Could you say how many lines below contain the word "Package"? Give the number with no other text.
Exercise data START
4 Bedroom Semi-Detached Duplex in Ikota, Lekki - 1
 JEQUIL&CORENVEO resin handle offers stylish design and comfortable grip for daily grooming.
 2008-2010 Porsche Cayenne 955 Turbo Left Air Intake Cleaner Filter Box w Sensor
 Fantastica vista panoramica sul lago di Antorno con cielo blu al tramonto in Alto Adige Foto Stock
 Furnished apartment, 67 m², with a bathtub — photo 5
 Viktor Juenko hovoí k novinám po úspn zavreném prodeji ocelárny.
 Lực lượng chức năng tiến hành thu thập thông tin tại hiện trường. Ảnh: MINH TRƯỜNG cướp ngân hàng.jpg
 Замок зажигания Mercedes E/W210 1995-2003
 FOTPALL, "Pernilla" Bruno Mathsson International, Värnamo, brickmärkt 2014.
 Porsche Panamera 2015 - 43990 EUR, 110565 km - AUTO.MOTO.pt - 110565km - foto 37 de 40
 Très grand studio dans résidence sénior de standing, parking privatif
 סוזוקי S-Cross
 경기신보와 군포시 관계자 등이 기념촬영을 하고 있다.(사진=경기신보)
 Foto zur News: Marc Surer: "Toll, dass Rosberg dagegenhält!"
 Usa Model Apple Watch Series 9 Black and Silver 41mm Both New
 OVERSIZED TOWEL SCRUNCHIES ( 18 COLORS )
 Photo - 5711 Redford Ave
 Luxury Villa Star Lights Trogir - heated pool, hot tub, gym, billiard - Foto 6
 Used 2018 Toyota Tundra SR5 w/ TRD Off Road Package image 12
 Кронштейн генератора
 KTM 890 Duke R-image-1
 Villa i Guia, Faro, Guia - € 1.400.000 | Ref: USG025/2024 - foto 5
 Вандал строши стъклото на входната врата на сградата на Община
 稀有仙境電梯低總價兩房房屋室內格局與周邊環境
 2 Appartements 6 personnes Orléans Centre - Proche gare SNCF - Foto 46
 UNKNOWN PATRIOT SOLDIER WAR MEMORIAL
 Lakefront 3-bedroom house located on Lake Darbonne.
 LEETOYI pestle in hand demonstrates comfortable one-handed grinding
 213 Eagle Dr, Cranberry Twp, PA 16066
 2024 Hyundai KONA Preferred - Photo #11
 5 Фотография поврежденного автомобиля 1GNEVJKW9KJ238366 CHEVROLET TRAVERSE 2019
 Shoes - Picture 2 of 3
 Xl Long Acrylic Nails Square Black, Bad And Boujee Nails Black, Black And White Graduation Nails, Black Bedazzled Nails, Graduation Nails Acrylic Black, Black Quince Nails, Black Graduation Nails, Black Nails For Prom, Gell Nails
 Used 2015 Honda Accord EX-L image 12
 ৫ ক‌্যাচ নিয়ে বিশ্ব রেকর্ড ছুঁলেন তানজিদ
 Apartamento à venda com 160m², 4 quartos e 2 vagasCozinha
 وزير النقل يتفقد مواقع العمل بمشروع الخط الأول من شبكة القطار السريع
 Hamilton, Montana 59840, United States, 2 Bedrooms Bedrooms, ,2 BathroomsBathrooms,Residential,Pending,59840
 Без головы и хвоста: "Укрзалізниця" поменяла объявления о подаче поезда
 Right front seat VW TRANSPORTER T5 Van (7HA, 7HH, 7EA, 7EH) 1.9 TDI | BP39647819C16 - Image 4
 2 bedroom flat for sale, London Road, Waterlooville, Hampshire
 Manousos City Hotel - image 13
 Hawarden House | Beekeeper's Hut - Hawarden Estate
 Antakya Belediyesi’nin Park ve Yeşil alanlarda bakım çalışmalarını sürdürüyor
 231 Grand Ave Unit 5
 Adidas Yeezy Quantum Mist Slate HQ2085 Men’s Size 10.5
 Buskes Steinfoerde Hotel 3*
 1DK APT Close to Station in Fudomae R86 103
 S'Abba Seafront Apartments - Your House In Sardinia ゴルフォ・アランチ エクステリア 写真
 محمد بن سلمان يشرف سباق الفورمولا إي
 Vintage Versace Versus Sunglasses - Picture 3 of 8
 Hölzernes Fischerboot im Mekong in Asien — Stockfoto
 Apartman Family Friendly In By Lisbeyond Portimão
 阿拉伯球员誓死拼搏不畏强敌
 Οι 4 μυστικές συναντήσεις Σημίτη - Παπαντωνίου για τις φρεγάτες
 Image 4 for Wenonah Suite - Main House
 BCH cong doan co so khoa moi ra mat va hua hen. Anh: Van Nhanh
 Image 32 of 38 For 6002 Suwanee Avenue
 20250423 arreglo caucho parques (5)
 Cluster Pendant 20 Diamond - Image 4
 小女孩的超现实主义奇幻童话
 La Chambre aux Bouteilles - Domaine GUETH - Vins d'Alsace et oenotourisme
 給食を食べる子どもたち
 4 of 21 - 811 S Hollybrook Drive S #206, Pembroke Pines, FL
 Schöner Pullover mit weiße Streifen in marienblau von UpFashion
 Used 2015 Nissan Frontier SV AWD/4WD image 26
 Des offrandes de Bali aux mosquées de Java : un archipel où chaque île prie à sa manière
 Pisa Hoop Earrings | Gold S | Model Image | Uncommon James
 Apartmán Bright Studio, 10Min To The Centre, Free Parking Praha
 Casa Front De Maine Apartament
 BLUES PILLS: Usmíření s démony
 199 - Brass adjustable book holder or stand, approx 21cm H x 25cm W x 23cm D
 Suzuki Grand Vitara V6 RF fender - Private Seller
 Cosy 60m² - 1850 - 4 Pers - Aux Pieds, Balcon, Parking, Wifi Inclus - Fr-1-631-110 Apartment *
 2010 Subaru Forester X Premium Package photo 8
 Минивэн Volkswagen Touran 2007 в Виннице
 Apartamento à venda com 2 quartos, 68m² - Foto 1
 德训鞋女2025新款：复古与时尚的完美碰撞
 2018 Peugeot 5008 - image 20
Exercise data END
* [Exercise solution]
2